Monday, February 18, 2013

Systems: Facebook Taking a Page From Sun ZFS?

 Systems: Facebook Taking a Page From Sun ZFS?

Large vendors like Google have long created their own systems for their data centers. Facebook follows Google on creating their own systems for their data center, but contemplates taking a page from Sun's ZFS storage for their own flash optimizations.
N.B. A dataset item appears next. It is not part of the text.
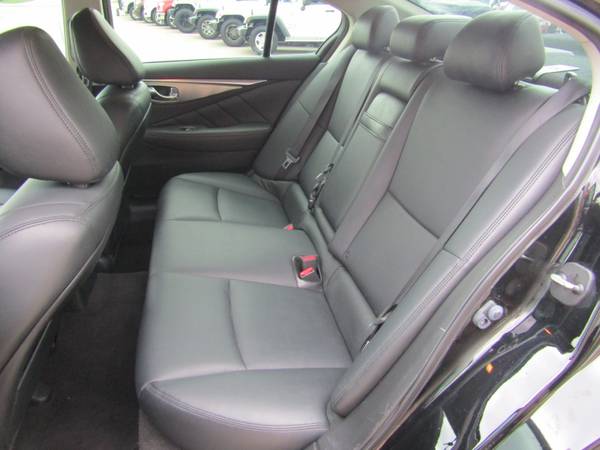 2016 Infiniti Other 4dr Sdn 2.0t Premium AWD Financing Available - $19,950 (1100 West Pioneer Parkway Grand Prairie, TX 75051)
[Facebook Server, courtesy ARS Technica]

Rotating Rust & Flash:
Facebook recognizes that traditional hard disks require significant power. Sun, over a half-decade ago, recognized that Flash could be used to reduce this power consumption. Sun designed ZFS file system to leverage two different kinds of flash: enterprise grade flash for the write log, and lower quality flash for read cache. By wisely choosing where to put lower quality flash in the storage tier, they were able to increase performance and reduce power consumption with fewer high-performance hard disks by combining the technology with ZFS. If the cheaper flash cell goes bad, they were only cache, and the actual data is still backed up against the real storage, which can be accessed at slower speeds, and the data can be automatically re-cached by ZFS.

Facebook has finally figured it out cheap Flash could reduce storage costs. Note, the discussion on using lower quality NAND flash in this data center article.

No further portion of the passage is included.